(The input):
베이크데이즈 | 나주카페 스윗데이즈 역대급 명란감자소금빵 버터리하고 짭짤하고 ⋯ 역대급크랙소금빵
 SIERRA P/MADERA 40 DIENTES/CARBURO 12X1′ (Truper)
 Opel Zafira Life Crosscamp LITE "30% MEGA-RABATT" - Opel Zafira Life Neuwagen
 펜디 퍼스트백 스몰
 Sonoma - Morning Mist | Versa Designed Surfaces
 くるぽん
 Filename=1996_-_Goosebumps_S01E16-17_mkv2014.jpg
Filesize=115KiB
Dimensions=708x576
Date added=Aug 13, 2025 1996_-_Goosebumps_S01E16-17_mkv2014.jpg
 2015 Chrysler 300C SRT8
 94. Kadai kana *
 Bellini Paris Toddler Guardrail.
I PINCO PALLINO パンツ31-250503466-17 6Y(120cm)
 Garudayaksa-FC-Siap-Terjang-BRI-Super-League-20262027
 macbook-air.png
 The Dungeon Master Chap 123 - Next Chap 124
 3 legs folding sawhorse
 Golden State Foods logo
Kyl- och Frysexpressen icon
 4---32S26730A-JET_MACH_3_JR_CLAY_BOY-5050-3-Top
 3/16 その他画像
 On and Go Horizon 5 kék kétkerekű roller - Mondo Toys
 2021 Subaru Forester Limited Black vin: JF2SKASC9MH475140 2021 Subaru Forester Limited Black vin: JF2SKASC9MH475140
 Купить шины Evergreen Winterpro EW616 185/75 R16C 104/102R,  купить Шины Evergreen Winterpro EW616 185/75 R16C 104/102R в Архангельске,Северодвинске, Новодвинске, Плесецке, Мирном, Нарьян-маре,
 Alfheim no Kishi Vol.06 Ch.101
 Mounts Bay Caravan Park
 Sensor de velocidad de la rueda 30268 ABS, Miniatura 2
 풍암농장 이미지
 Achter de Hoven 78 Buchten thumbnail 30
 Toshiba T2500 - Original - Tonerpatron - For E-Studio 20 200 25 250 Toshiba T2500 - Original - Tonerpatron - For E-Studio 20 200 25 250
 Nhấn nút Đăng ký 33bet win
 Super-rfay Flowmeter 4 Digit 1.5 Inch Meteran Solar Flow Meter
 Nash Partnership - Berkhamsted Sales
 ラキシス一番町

(Instructions to follow): Locate "The Dungeon Master Chap 123 - Next Chap 124" in the data above. Then repeat, exactly, its line and each line after it through the last, adding nothing.

(Exercise output):
 The Dungeon Master Chap 123 - Next Chap 124
 3 legs folding sawhorse
 Golden State Foods logo
Kyl- och Frysexpressen icon
 4---32S26730A-JET_MACH_3_JR_CLAY_BOY-5050-3-Top
 3/16 その他画像
 On and Go Horizon 5 kék kétkerekű roller - Mondo Toys
 2021 Subaru Forester Limited Black vin: JF2SKASC9MH475140 2021 Subaru Forester Limited Black vin: JF2SKASC9MH475140
 Купить шины Evergreen Winterpro EW616 185/75 R16C 104/102R,  купить Шины Evergreen Winterpro EW616 185/75 R16C 104/102R в Архангельске,Северодвинске, Новодвинске, Плесецке, Мирном, Нарьян-маре,
 Alfheim no Kishi Vol.06 Ch.101
 Mounts Bay Caravan Park
 Sensor de velocidad de la rueda 30268 ABS, Miniatura 2
 풍암농장 이미지
 Achter de Hoven 78 Buchten thumbnail 30
 Toshiba T2500 - Original - Tonerpatron - For E-Studio 20 200 25 250 Toshiba T2500 - Original - Tonerpatron - For E-Studio 20 200 25 250
 Nhấn nút Đăng ký 33bet win
 Super-rfay Flowmeter 4 Digit 1.5 Inch Meteran Solar Flow Meter
 Nash Partnership - Berkhamsted Sales
 ラキシス一番町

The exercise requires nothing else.